Analysis with Bill Gallagher, Lawyer / Strategist

Author of Resource Rulers: Fortune and Folly on Canada’s Road to Resources


There’s nothing worse that hitting a speed-bump especially when you’re in a rush. That’s why litigation lawyers get hired in the first place - to drive the bus - so that resource proponents will be assured of regulatory approval and resource access.



What follows is a series of judicial quotes from October rulings that set the stage for my conclusions - from a Resource Rulers perspective - at the end of this article. What we see clearly below is an alignment of native and eco-activists successes:



[46] … the decision of the Director is quashed as being in violation of the rules of natural justice. (Pembina Institute vs. Alberta 2013 ABQB 5670)


[14] … there is a live issue respecting the Regulator’s interpretation of its power to decide constitutional issues under the ‘Administrative Procedures and Jurisdiction Act’. The issue is of general importance, and leave to appeal is justified. (Ft McKay First Nation vs. Alberta Energy Regulator and Brion Energy Corporation 2013 ABCA 355)


[13] … The Court and many more are aware of what transpired on Thursday last. There were numerous news broadcasts showing what took place. The Information presently before the Court is that the Applicant has removed its equipment from the site where it had been kept such that the Injunction in this respect, items (a) (b) (c) and (d) are no longer required. … (SWN Resources Canada Inc … 2013 NBQB 346)



What follows is a series of press releases about more pending resource litigation:



Northern Superior Resources Inc. has determined that it has lost the ability to access its very promising … gold properties in northwestern Ontario. … primarily the result of the actions and policies of the Government of Ontario relating to First Nations in particular … Although certain actions by First Nations in the area also made continued exploration on the Properties no longer possible …. (Statement of Claim for $125 million, filed, Ontario Superior Court of Justice CV -13- 491444)


It’s off to court for Cliffs (headline) “We decided to do it but I don’t think it's the solution … If Ontario wants this project now they’ve put a heck of a roadblock to it … This is a large complex project with a lot of people with an interest in it. Companies cannot drive it alone.” (Cliffs Resources VP Bill Boor in Northern Ontario Business)

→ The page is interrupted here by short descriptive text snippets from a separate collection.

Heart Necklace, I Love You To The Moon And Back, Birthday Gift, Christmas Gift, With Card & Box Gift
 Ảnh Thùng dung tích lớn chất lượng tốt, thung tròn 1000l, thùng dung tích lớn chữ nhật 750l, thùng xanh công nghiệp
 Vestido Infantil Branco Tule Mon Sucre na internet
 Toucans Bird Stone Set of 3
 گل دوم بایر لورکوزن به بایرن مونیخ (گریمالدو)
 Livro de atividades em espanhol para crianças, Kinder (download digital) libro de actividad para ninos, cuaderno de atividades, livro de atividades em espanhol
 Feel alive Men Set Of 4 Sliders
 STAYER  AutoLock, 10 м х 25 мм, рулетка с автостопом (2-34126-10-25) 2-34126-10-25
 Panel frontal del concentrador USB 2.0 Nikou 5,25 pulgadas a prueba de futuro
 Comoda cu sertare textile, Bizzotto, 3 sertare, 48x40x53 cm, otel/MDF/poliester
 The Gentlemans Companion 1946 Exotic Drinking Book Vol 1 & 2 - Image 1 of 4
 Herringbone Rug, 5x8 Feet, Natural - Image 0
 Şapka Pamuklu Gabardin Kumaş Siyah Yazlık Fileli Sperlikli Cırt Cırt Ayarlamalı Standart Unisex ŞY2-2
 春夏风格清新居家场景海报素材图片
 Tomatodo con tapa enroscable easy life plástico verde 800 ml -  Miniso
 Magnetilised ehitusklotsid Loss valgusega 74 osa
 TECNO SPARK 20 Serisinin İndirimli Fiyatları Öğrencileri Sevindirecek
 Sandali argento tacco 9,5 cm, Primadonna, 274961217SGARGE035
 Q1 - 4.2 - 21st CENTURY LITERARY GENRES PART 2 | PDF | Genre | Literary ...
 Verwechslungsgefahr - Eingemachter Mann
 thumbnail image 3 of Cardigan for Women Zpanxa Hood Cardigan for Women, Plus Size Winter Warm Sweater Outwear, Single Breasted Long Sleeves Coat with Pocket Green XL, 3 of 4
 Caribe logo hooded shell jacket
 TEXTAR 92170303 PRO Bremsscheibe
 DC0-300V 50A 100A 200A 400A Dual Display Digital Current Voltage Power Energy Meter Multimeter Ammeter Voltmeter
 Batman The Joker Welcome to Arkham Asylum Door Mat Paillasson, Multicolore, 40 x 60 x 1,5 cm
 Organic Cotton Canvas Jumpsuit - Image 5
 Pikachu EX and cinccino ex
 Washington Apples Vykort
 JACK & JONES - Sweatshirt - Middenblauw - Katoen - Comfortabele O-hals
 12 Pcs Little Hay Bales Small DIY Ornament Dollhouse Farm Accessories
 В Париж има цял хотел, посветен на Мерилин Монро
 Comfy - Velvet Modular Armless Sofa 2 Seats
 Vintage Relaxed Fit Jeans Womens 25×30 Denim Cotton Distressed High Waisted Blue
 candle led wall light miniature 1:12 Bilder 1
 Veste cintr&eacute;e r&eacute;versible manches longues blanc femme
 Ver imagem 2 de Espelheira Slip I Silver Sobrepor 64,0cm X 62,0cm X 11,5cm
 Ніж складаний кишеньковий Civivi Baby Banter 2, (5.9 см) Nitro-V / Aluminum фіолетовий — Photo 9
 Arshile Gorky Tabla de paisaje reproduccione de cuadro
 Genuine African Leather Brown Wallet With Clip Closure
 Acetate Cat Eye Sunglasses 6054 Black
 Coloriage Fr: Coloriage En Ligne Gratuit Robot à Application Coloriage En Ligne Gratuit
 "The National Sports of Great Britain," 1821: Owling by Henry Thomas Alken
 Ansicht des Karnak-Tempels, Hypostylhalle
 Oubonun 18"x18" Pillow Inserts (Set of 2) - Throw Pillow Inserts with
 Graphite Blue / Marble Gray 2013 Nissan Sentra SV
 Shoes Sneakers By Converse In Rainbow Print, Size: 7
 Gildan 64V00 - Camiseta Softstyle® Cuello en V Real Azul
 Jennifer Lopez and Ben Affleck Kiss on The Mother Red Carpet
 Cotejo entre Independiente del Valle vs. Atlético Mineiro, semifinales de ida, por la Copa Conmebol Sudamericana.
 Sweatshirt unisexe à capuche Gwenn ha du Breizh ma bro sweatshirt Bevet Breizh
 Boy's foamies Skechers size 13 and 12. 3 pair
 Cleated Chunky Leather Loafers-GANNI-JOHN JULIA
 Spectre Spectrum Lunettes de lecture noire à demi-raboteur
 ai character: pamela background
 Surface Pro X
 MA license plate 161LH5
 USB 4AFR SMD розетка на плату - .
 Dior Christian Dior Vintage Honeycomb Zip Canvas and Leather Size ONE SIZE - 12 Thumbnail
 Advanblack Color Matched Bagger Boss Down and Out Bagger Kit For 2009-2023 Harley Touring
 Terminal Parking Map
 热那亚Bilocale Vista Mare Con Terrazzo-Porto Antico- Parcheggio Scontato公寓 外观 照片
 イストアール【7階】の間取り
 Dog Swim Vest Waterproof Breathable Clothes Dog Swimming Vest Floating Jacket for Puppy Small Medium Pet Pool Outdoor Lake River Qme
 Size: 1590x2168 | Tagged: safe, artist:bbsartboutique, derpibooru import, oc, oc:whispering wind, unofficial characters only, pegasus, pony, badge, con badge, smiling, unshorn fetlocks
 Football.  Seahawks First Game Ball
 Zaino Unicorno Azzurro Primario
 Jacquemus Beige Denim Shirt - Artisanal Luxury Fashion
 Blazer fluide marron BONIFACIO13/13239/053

It’s gone past the SWN stuff, … It’s gone past the fracking. Right now, we’re at a point, we’re staking claim to the lands. We’re reclaiming the ownership and that’s where it’s at. Let’s settle it once and for all! Let’s go to court! (Elsipogtog Chief Aaron Sock)




In fact, October has served up even more legal actions than what’s referenced here; but these excerpts are interesting for their total reliance on the litigator’s tool-box.



Like speed-bumps, litigation is designed as a complex process to slow things down; all in the pursuit of legal clarity and (hopefully) access to resources. But litigation as a strategy is clearly not working for resource proponents, who typically end up having to broach negotiations with disaffected First Nations no matter what the judicial outcome. Moreover, slowing things down is the key to understanding the native legal winning streak - currently at 188 rulings - proving that litigators are not in any sense strategists. In fact, resource proponents are often left to clean things up.



October 2013, the month that was supposed to celebrate the 250th anniversary of the Royal Proclamation of 1763; the month that welcomed the tour of the UN Special Rapporteur of Indigenous Peoples; instead saw one resource proponent after another hitting litigation speed-bumps on the road to resources - forging alignments with eco-activists - knocking wheels off projects. There’s no deadlier combination!